Migalhas
Nesta quarta-feira, 4, STF, por maioria, decidiu que pessoa com os direitos políticos suspensos em razão de condenação criminal definitiva pode tomar posse em cargo público. Plenário também determinou que não pode haver incompatibilidade entre o cargo a ser exercido e o crime cometido, nem conflito de horários entre a jornada de trabalho e o regime de cumprimento da pena.
Os ministros fixaram a seguinte tese:
“A suspensão dos direitos políticos prevista no art. 15 inciso III da Constituição Federal – condenação criminal transitada em julgado enquanto durarem seus efeitos – não impede a nomeação e posse de candidato aprovado em concurso público, desde que não incompatível com a infração penal praticada, em respeito aos princípios da dignidade da pessoa humana e do valor social do trabalho (Constituição Federal, art. 1°, incisos III e IV) e do dever do Estado em proporcionar as condições necessárias para harmônica integração social do condenado, objetivo principal da execução penal, nos termos do artigo 1° da LEP (Lei 7.210/84). O início do efetivo exercício do cargo ficará condicionado ao regime da pena ou à decisão judicial do Juízo de Execuções, que analisará a compatibilidade de horários.”
O caso
No caso concreto, um candidato aprovado em concurso para o cargo de auxiliar de indigenismo da Funai busca o direito de participar do curso de formação. Condenado à pena privativa de liberdade por tráfico de drogas, ele foi impedido de tomar posse, por estar com seus direitos políticos suspensos.
O TRF da 1ª região deu provimento à apelação do candidato, por entender que a execução penal também tem por objetivo proporcionar condições para a integração social do condenado. Como ele estava em liberdade condicional, o Tribunal não considerou razoável impedir seu acesso ao cargo, assentando que a responsabilidade pela ressocialização dos presos também se estende à administração pública, que não poderá opor o impedimento da quitação com as obrigações eleitorais ao candidato aprovado e convocado.
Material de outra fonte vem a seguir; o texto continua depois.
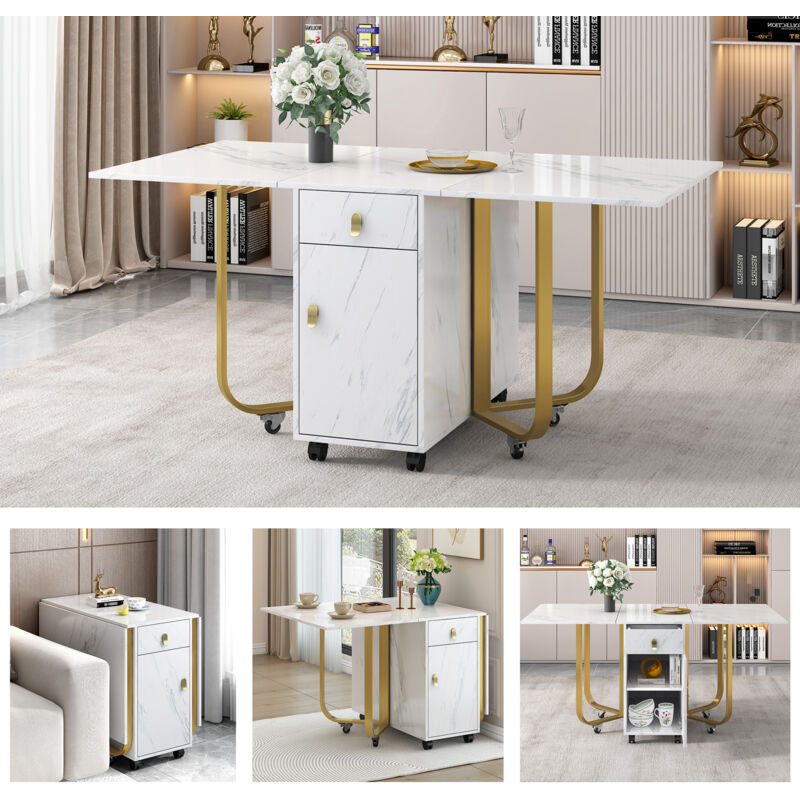 foto del prodotto tavoli sala da pranzo con 1 cassetto e mobiletto portaoggetti, con ruote e 4 gambe di supporto, tavolo pieghevole multifunzionale, piano del tavolo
No STF, a Funai sustenta que as regras do concurso público existem para todos e não podem ser afastadas, sob pena de violação dos princípios constitucionais da isonomia e da legalidade. A fundação argumenta que o texto constitucional é claro ao determinar a suspensão dos direitos políticos enquanto durarem os efeitos da condenação, que são mantidos, ainda que o apenado esteja em liberdade condicional.
Voto do relator
Ministro Alexandre de Moraes, relator do caso, inicialmente, explicou que a condenação afasta tanto da capacidade eleitoral ativa (votar) quanto a capacidade eleitoral passiva (ser votado). Assim, em seu entendimento, como a capacidade eleitoral ativa é uma consequência automática aos condenados, não é possível negar ao candidato a posse do cargo por débito com as obrigações eleitorais.
“Se ele está impedido de votar pela condenação, obviamente aqui ele não pode sofrer um duplo prejuízo.”
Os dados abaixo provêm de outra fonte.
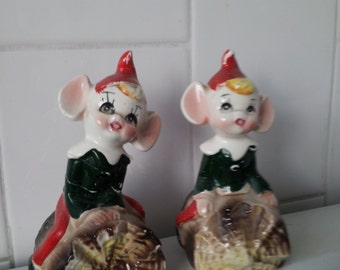 Vintage Pixie Elf Figurines Salt And Pepper Set Of 2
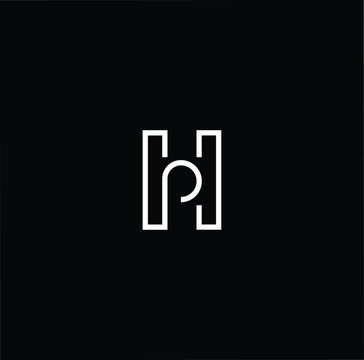 Minimal elegant monogram art logo. Outstanding professional trendy awesome artistic HP PH initial based Alphabet icon logo. Premium Business logo in White color on black background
Em seguida, S. Exa. explicou que a suspensão dos direitos políticos em caso de condenação criminal não atinge direitos civis e sociais. “O que a Constituição Federal estabelece é a suspensão do direito de votar e de ser votado, e não do direito a trabalhar.”
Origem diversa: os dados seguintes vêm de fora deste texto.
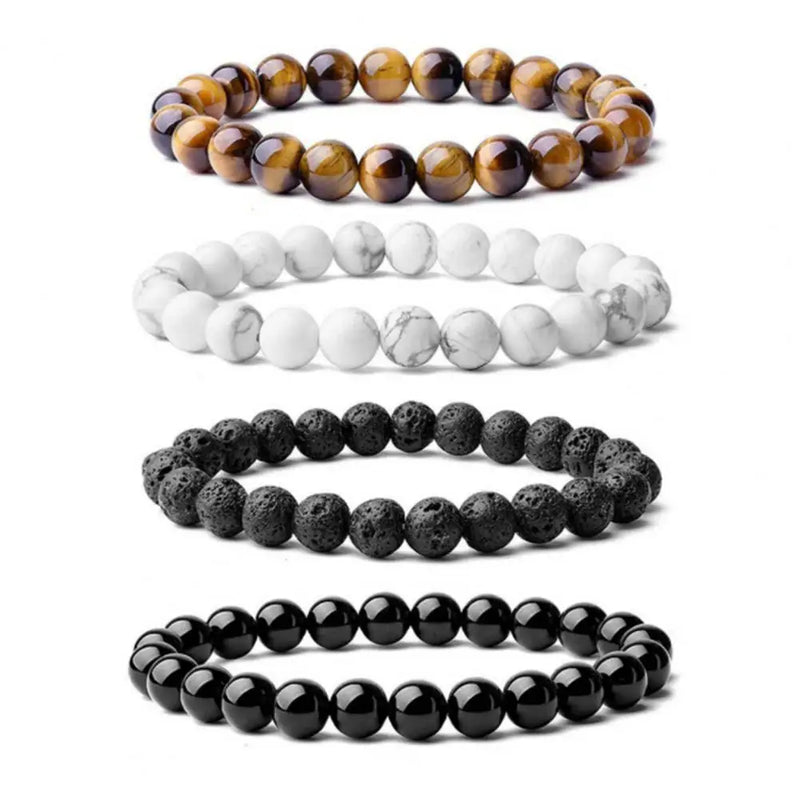 4Pcs Couples Tiger Eye Bracelets Natural Stones Elastic Stress Relief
Por fim, o relator citou a importância do trabalho para a ressocialização do indivíduo egresso do sistema prisional.
No caso concreto, Moraes votou no sentido de negar provimento ao recurso extraordinário, devendo ser dada a posse imediata ao candidato no cargo.
Ao acompanhar o relator, a ministra Cármen Lúcia relembrou o projeto “Começar de Novo”, implantado no Supremo durante a gestão do ministro Gilmar Mendes. “Nós contratamos pessoas que tenham saído [do sistema prisional], e não significa que já completaram todo ciclo de execução penal, exatamente para que se cumpra a finalidade da própria Constituição na ressocialização”, disse. S. Exa.
“O egresso do sistema prisional que assume responsabilidade e cumpre os seus deveres civis faz jus à manutenção dos direitos mais básicos do cidadão. Se é esperado que um indivíduo se reintegre a sociedade, deve o Estado prover os meios para tanto”, afirmou o ministro André Mendonça ao seguir a vertente apresentada por Moraes.
Os ministros Luis Fux, Edson Fachin e Luís Roberto Barroso também acompanharam o relator.
Divergência
Restaram vencidos os ministros Cristiano Zanin e Dias Toffoli. Para os ministros, “a condenação criminal transitada em julgado enquanto durarem os seus efeitos suspende o gozo de direitos políticos, impedindo a investidura em cargo público”.
Ministro Nunes Marques não participou do julgamento porque havia atuado no caso como desembargador do TRF da 1ª região.